You don’t have to either. And I am not just talking about parenting. You have a right to live your life how you want to. You don’t have to justify your decisions to anyone. You don’t have to explain why you are single, why you have kids, why you don’t have kids, why you work, why you don’t work, why you eat only meat, why you eat only veggies, however you decide you want to live, it is your decision. You don’t have to do something just because someone else tells you it is the best. If you want to try it great, but do it because you want to, not because someone else told you to.
Now that I have covered how you don’t have to listen to everyone that wants to give you advice, I want to say that there are some people that you should listen to. This verse doesn’t say, don’t take advice from anyone, it says let your advisor be one in a thousand. This means, be selective. I believe that everyone needs someone they can bounce ideas off of, someone that can tell them when they are doing something that is not healthy or dangerous. Someone that can be real and honest with them. However, I believe that you should make sure that this person’s belief’s and values are aligned with yours. Make sure they are someone that you can trust and that they really know you. They know your inner most desires, they know what your values are, they know what you struggle with and what you excel at. Be selective in who you ask for advice from and even when you trust the person, listen to their advice, take it under advisement and weigh it in your decision making process, but ultimately, you will need to make your own decision.
If you want to save yourself a lot of anxiety, stress, and heartache, then you be intentional about who you chose to take advice from. Be intentional about how you talk to others and about others. “Pleasant speech mulitiplies friends,” this is a great verse to remember.
Dear Heavenly Father, I ask that you bless all those listening to this episode today. Lord, help us to be kind to all those that we meet. Help us all have pleasant speech and to mulitply our friends. Help us Lord to be selective with who we take advice from. Help us to not worry so much as to what others think but that we only care what you think of us Lord. Help us to find those few people that we can confide in and that can help advise us. We love you Lord and we are so grateful for all you have done for us. You are amazing and we ask all of this in accordance with your will and in Jesus’ holy name, Amen!

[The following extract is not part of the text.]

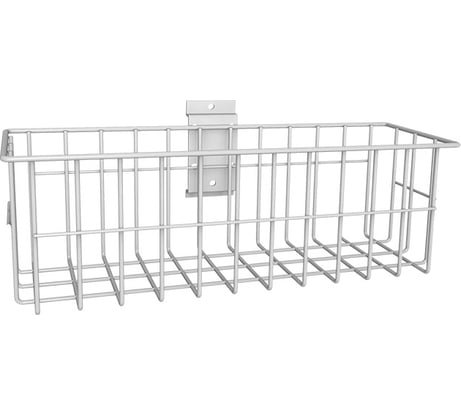 Навесная средняя корзина ESSE 308x100x110 мм, металлик GK1-23
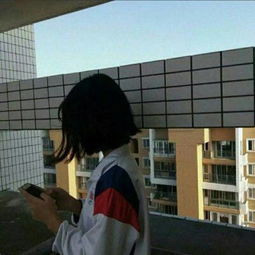 忧郁伤感女生背影头像一个人伤感孤单女生头像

Thank you so much for joining me on this journey to walk boldly with Jesus. I wanted to mention that my boys are off school this week for Christmas vacation, Tony is also off from work several days this week, and my sister is visiting from another state. I am still planning on getting the podcast out each day as I truly enjoy spending that time with the Lord and with you. However, if it is not out first thing in the morning know that all is ok, I am just spending time with my family and I will get it posted as soon as I can. Thank you for your understanding. I look forward to spending time with you again tomorrow. Have a blessed day!